3.2. Tuning the interpolation parameter S

The attentive reader will have noticed that nowhere in the preceding text have we given a hint as to how to choose the interpolation parameter S that turns up in the various algorithms. In order to lift the burden of making a (more or less arbitrary) choice for the parameter S from the shoulders of the user of the program, we have made an attempt to let the program devise a reasonable value for S. Of course, we did not want this feature to increase the running time of the program dramatically. To this end, we use a simple scheme that resembles the way in which weka determines the number of neighbours to use in its implementation of the nearest neighbour algorithm, the IBk-class. This scheme is based on leave-one-out cross validation [17, Section 5.4]. This is, for each possible value of S under consideration, we determine the performance of the algorithm for a specified loss function, typically the 0–1 loss function, using leave-one-out cross validation.

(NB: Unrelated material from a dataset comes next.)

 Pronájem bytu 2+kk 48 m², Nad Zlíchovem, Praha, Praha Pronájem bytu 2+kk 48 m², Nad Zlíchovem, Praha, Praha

This is not as bad as it sounds at first sight since this can be done rather efficiently, as is shown in Algorithm 2. Basically, one considers the learning examples one by one and one classifies the learning example under consideration on the basis of the remaining learning examples. One does this for values of S that are equally spaced in the interval [S_l, S_u]. The time complexity of this procedure is determined as follows: building the classifier takes $O (n | S, d |)$ time. The operation that has to be done for each element takes $O (| S_{X} | | L | n + N | L |)$ time. Basically, this involves two calls to distributionForInstance and a loop calculating the loss between d(x) and the median prediction. Computing the median takes $O (| L |)$ time. So, if we ignore the time to build the classifier (this has to be done anyhow), the time complexity of tuning the interpolation parameter is $O (| (S, d) | | S_{X} | | L | n + | (S, d) | | L | N)$ .

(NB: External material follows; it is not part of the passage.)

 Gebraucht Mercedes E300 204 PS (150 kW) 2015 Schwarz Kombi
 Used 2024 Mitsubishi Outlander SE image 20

Algorithm 2. Tuning the interpolation parameter S

Require: (1) a collection of learning examples

(S, d)

;

(2) a lower bound S_l and an upper bound S_u for S;

(3) a natural number N determining the subdivision of [S_l, S_r];

(4) a loss function L

Ensure: the tuned value for S

1: map ← buildClassifier

((S, d))

2: step ← (S_u − S_l)/N

3: loss ← (0, 0, … , 0) // length N + 1

4: for all

〈 x, d (x) 〉 \in (S, d)

map \leftarrow map . updateRemove (〈 x, d (x) 〉)

f_{\min} \leftarrow map . distributionForInstance (x, 1)

f_{\max} \leftarrow map . distributionForInstance (x, 0)

8: S ← S_l

9: for i = 0 to N do

10: loss[i] ← loss[i] + L(d(x),median(Sf_min + (1 − S)f_max))

11: S ← S + step

12: end for

13:

map \leftarrow map . updateAdd (〈 x, d (x) 〉)

14: end for

15: i ← findIndexOfMin(loss)

16: return S_l + i × step

4. Use of the software

The described algorithms are available as a Java-implementation that is distributed under the GNU General Public License [1]. To facilitate the usage and dissemination of the algorithms, we have chosen to develop an implementation that fits seamlessly into the weka environment. The weka-workbench [17], also distributed under the terms of the GNU GPL, is a very comprehensive collection of machine learning algorithms and data preprocessing tools, written in the Java programming language. A major advantage of using Java as language is that it is platform independent (one only needs a JVM for the goal platform), and the fact that it is open source allows one to learn how actual classifiers are implemented (and the provided sources may serve as a basis for implementing your own classifiers).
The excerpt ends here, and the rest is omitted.